As Walter Mosley observes in his essay “Black to the Future,” the genre(s) of science fiction/fantasy neé Afro-futurism speak clearly to the dissatisfied through their power to imagine the first step in changing the world:

Black people have been cut off from their African ancestry by the scythe of slavery and from an American heritage by being excluded from history. For us, science fiction offers an alternative where that which deviates from the norm is the norm.

As such, African-descended people have long understood and utilized the power of narrative to generate the images and ideas that will spark the liberatory imaginings of the sufferers. Particularly in the realms of the fantastic have characters, scenarios, and worlds been constructed to expose the truths of the world as it is and reveal the possibilities of worlds that could be. The figures of Anansi, Brer Rabbit, Nanny of the Maroons (who, though a historical figure, has risen to mythic proportions), John Henry, Shine, and many other figures casting spells thru the genres of proverbs, folklore, folk tales, song, short story, novel, graphic literature and movies have served as prompts to address the spoken and unspoken realities of their respective times and communities.  The Ryan Coogler-directed addition to the Marvel Cinematic Universe, Black Panther steps momentously into this tradition.
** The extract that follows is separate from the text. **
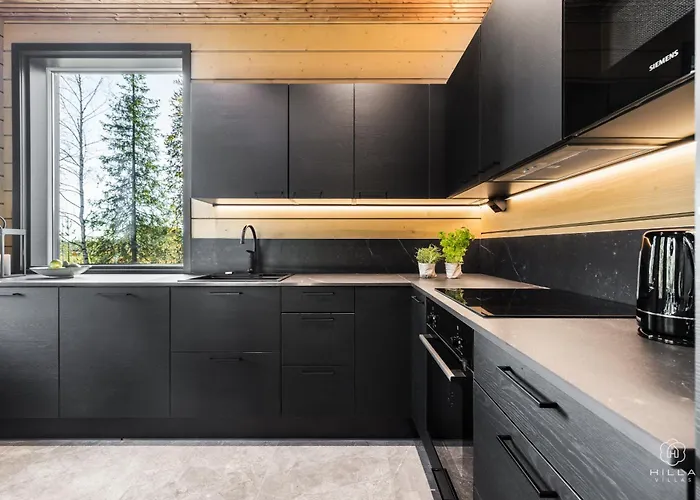 Levin Lyhty Bettina B4 By Hilla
The Marvel Comics character Black Panther is the creation of legendary Marvel artist and writer Jack Kirby. In 1966, Kirby and Marvel founder Stan Lee, in an intuitive bit of corporate multi-culturalism, created the fictional African nation of Wakanda, ruled by the Black Panther. Though it bears an ambiguous relationship to politics — the expanding demographics of their audience (Black children like comic books too) and the growing list of African countries winning their freedom from European colonialism — Kirby and Lee’s use of the panther as a symbol was timely. Despite being seen by Lee as a “strange coincidence,” it arrived in between the use of the Black Panther as a symbol by the Lowndes County Freedom Party, Alabama (1963-64) and the creation of the Black Panther Party for Self Defense by Huey Newton and Bobby Seale (1966). T’Challa of Wakanda, dressed in the ceremonial garb of Wakanda’s spiritual totem as the Black Panther, made his first appearance in The Fantastic Four #52, “The Black Panther.” This character, though created in the spirit of the Black (Negro) American movement’s transition into mainstream cultural consciousness, served as a relatively peripheral character in the Marvel Universe. This continued despite efforts to maintain regular monthly issues with such titles as Jungle Action (1974-1976) and the Kirby-helmed Black Panther (1977-1979), the latter of which became the title for various volumes produced since. During this time, under the auspices of writer Don McGregor, the character himself evolved beyond an exotic marginal figure and member of the Avengers, and was instilled with a level of dignity and gravitas. Building on this foundation, later African-American writers Christopher Priest (Vol. 3), Reginald Hudlin (Vol. 4), and presently Ta-Nehisi Coates (Vol.6) added resonant characters, situations, and additions to Black Panther’s world. These additions have reflected contemporary cultural and political circumstances and deepened the character’s connection to Africa and its diaspora. The gradual evolution of the character, along with the aesthetic sensibility of Coates’ Vol. 6 artwork by Brian Stelfreeze, brings us to the Black Panther of the Marvel Cinematic Universe.

II.

The central conceit, implicitly and explicitly referenced in the film, is the fact that Wakanda has been free of foreign invasion for the entirety of its history. As Reginald Hudlin writes in his introductions to the issues of Volume 4,

Unfettered by the yoke of colonization, the African warrior nation of Wakanda flourished and became a high tech, resource rich, ecologically sound paradise — one that makes the rest of the world seem primitive by comparison.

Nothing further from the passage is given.